Incremental push to stacked branch on LP copies all tagged revisions

Bug #745664 reported by Andrew Bennetts
8
This bug affects 1 person
Affects Status Importance Assigned to Milestone
Bazaar
Invalid
Medium
John A Meinel

Bug Description

$ time bzr push
Using saved push location: lp:~spiv/twisted/deferred-no-failure-tracebacks-by-default
BzrBranch7(file:///home/andrew/code/twisted/deferred-no-failure-tracebacks-by-default/) was read locked again
CHKInventoryRepository('file:///home/andrew/code/twisted/.bzr/repository/') was read locked again
Transferred: 16152kB (30.7kB/s r:166kB w:15986kB)
bzr: interrupted
HPSS calls: 513 (0 vfs) SmartSSHClientMedium(bzr+ssh://<email address hidden>/)

real 8m45.832s
user 0m15.869s
sys 0m0.264s

[got fed up, cancelled it, broke the lock]

$ time ~/warthogs/bzr/bzr-2.3/bzr push
Using saved push location: lp:~spiv/twisted/deferred-no-failure-tracebacks-by-default
BzrBranch7(file:///home/andrew/code/twisted/deferred-no-failure-tracebacks-by-default/) was read locked again
CHKInventoryRepository('file:///home/andrew/code/twisted/.bzr/repository/') was read locked again
Pushed up to revision 15786.
Transferred: 56kB (3.8kB/s r:27kB w:29kB)
HPSS calls: 19 (0 vfs) SmartSSHClientMedium(bzr+ssh://<email address hidden>/)

real 0m17.792s
user 0m0.376s
sys 0m0.048s

This has happened to me a couple of times now pushing to lp:~spiv/twisted/*

It appears to be a regression in trunk vs. 2.3

Revision history for this message
John A Meinel (jameinel) wrote : Re: [Bug 745664] [NEW] Incremental push to stacked branch on LP walks all of history

-----BEGIN PGP SIGNED MESSAGE-----
Hash: SHA1

On 3/30/2011 2:28 PM, Andrew Bennetts wrote:
> Public bug reported:
>
> $ time bzr push
> Using saved push location: lp:~spiv/twisted/deferred-no-failure-tracebacks-by-default
> BzrBranch7(file:///home/andrew/code/twisted/deferred-no-failure-tracebacks-by-default/) was read locked again
> CHKInventoryRepository('file:///home/andrew/code/twisted/.bzr/repository/') was read locked again
> Transferred: 16152kB (30.7kB/s r:166kB w:15986kB)
> bzr: interrupted
> HPSS calls: 513 (0 vfs) SmartSSHClientMedium(bzr+ssh://<email address hidden>/)
>
> real 8m45.832s
> user 0m15.869s
> sys 0m0.264s
>
> [got fed up, cancelled it, broke the lock]
>
> $ time ~/warthogs/bzr/bzr-2.3/bzr push
> Using saved push location: lp:~spiv/twisted/deferred-no-failure-tracebacks-by-default
> BzrBranch7(file:///home/andrew/code/twisted/deferred-no-failure-tracebacks-by-default/) was read locked again
> CHKInventoryRepository('file:///home/andrew/code/twisted/.bzr/repository/') was read locked again
> Pushed up to revision 15786.
> Transferred: 56kB (3.8kB/s r:27kB w:29kB)
> HPSS calls: 19 (0 vfs) SmartSSHClientMedium(bzr+ssh://<email address hidden>/)
>
> real 0m17.792s
> user 0m0.376s
> sys 0m0.048s
>
>
> This has happened to me a couple of times now pushing to lp:~spiv/twisted/*
>
> It appears to be a regression in trunk vs. 2.3

Did you get a chance to look into this at all?
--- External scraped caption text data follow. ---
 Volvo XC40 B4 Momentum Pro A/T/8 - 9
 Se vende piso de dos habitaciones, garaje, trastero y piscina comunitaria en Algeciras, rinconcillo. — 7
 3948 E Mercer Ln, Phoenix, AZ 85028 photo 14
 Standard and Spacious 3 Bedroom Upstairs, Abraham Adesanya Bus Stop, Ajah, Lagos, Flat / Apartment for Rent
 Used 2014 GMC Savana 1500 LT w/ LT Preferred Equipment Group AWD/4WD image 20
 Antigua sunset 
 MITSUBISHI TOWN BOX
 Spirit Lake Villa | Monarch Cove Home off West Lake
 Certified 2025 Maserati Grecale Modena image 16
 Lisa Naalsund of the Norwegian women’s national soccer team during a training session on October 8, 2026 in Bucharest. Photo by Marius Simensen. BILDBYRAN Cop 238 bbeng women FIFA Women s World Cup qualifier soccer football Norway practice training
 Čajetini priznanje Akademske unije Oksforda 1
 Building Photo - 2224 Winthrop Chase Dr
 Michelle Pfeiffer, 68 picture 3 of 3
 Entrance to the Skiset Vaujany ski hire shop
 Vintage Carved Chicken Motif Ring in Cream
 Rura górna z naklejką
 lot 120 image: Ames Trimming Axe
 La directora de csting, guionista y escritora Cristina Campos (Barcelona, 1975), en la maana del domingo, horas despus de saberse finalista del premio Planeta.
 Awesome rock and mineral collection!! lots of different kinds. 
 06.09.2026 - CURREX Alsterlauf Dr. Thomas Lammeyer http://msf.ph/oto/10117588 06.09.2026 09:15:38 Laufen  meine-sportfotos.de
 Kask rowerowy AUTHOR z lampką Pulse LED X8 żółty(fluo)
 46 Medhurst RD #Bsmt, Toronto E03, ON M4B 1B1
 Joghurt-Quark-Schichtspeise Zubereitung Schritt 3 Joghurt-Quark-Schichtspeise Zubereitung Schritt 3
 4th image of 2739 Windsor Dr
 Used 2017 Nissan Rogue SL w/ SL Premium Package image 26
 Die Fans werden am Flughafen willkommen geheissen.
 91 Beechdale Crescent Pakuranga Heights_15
I'll try to take over it
from now, since it is certainly a significant regression if true.

John
=:->

-----BEGIN PGP SIGNATURE-----
Version: GnuPG v1.4.9 (Cygwin)
Comment: Using GnuPG with Mozilla - http://enigmail.mozdev.org/

iEYEARECAAYFAk2UKSkACgkQJdeBCYSNAAOtGgCgsKFwN+HWBsS+Di7JL1EU8anC
YykAn28YwojVg7wsdPRc+2Hapn1soC5C
=U7nM
-----END PGP SIGNATURE-----

John A Meinel (jameinel)
Changed in bzr:
assignee: nobody → John A Meinel (jameinel)
Revision history for this message
John A Meinel (jameinel) wrote : Re: Incremental push to stacked branch on LP walks all of history

I just tested with bzr.dev, and this is my bzr.log for the second transfer. I did:

bzr commit --unchanged -m "no change"
bzr push lp:~jameinel/bzr/test-commits
bzr commit --unchanged -m "no change2"
bzr push lp:~jameinel/bzr/test-commits

Now there are a few things to note:

1) We are transferring quite a bit of data. 1.6MB for a single revision (with no text content)
  I think this is the 'push always pushes parent CHK pages, even if they are already present' bug.
2) We have a really weird 'missing-basis' return value:
131.083 result: ('missing-basis', 'll32:603f6cad9b67e5fd3900118914a380d9ell11:inventories46:<email address hidden>:inventories63:<email address hidden>:inventories54:<email address hidden>:inventories54:<email address hidden>:inventories57:<email address hidden>:inventories50:<email address hidden>:inventories50:<email address hidden>:inventories50:<email address hidden>:inventories50:<email address hidden>:inventories50:<email address hidden>:inventories50:<email address hidden>:inventories50:<email address hidden>:inventories50:<email address hidden>:inventories50:<email address hidden>:inventories50:<email address hidden>:inventories50:<email address hidden>:inventories50:<email address hidden>:inventories50:<email address hidden>:inventories50:<email address hidden>:inventories50:<email address hidden>:inventories50:<email address hidden>:inventories50:<email address hidden>:inventories50:<email address hidden>:inventories50:<email address hidden>:inventories50:<email address hidden>:inventories50:<email address hidden>:inventories50:<email address hidden>:inventories50:<email address hidden>:inventories50:<email address hidden>')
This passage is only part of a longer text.